*** Dataset extract ***

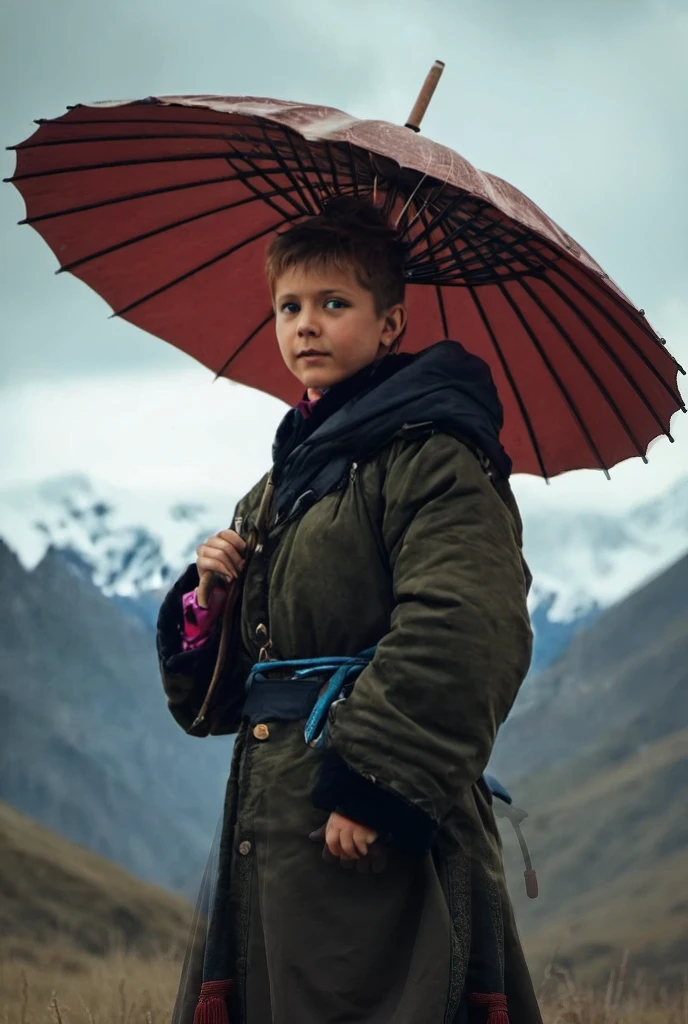 Afghanistan, 1975. A little ((((12-year-old)) Amir)), boy, playing in the snow, flying a kite, happy, ((((clothings from the 1970s)))), ((short hairstyle of the 1970s)), ((colorful, Monet))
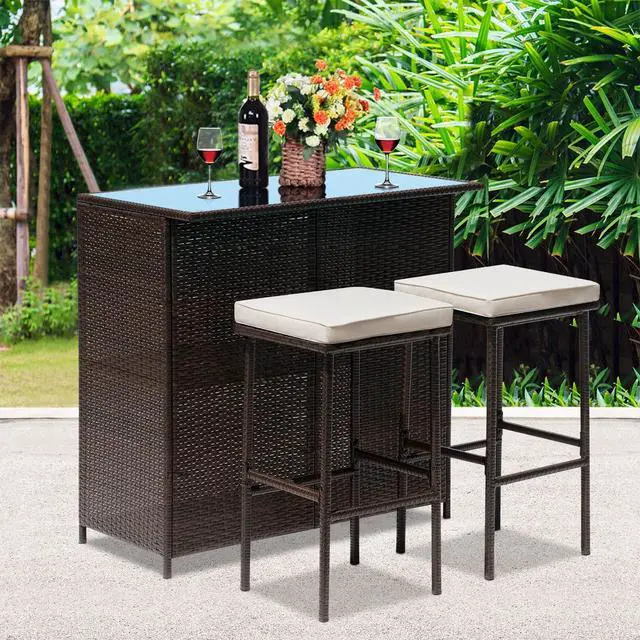 Alt view image 5 of 6 - Wicker Patio Furniture 3 Piece Patio Bar Table Set Chairs Wicker Outdoor Rattan Bistro Set Glass Top Table and Two Stools for Yard or Backyard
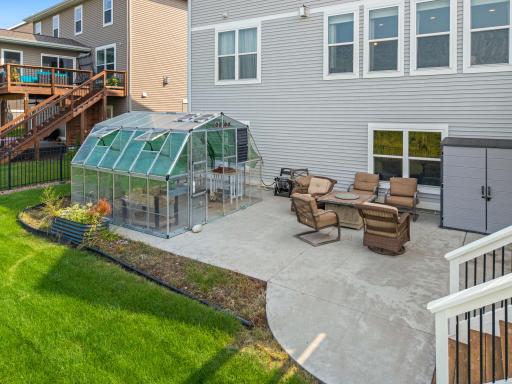 Greenhouse next to the patio
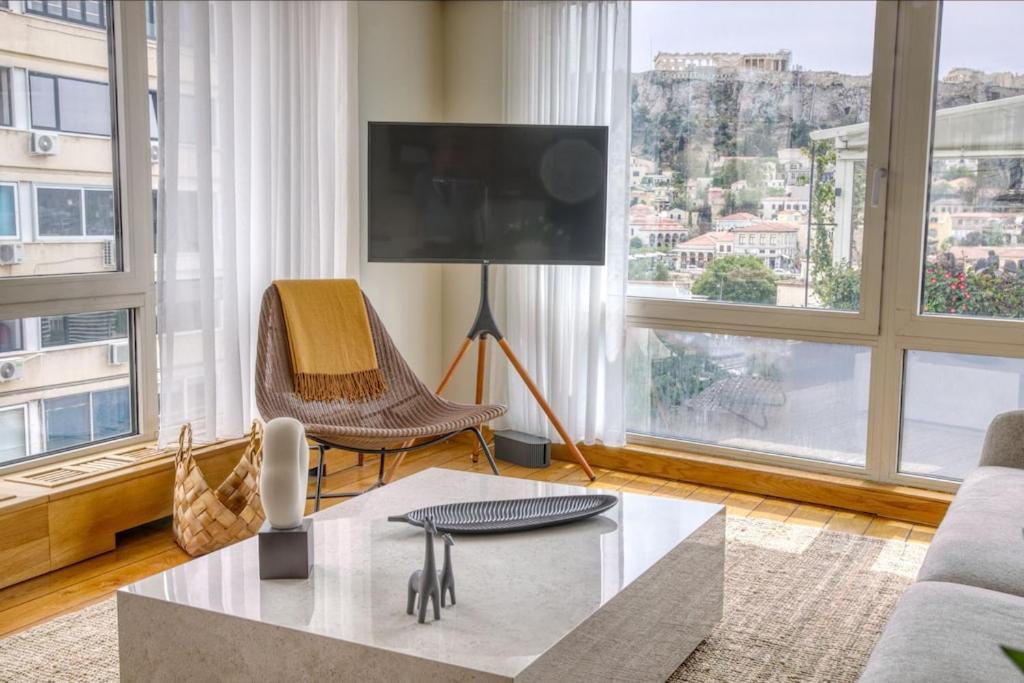 アテネSunny Luxury Loft,Stunning Acropolis View, Jacuzziアパートメント エクステリア 写真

***

Assignment
Would you please retype all the data exactly? Leave out whatever pictures it holds.

Answer to the problem
 Afghanistan, 1975. A little ((((12-year-old)) Amir)), boy, playing in the snow, flying a kite, happy, ((((clothings from the 1970s)))), ((short hairstyle of the 1970s)), ((colorful, Monet))
 Alt view image 5 of 6 - Wicker Patio Furniture 3 Piece Patio Bar Table Set Chairs Wicker Outdoor Rattan Bistro Set Glass Top Table and Two Stools for Yard or Backyard
 Greenhouse next to the patio
 アテネSunny Luxury Loft,Stunning Acropolis View, Jacuzziアパートメント エクステリア 写真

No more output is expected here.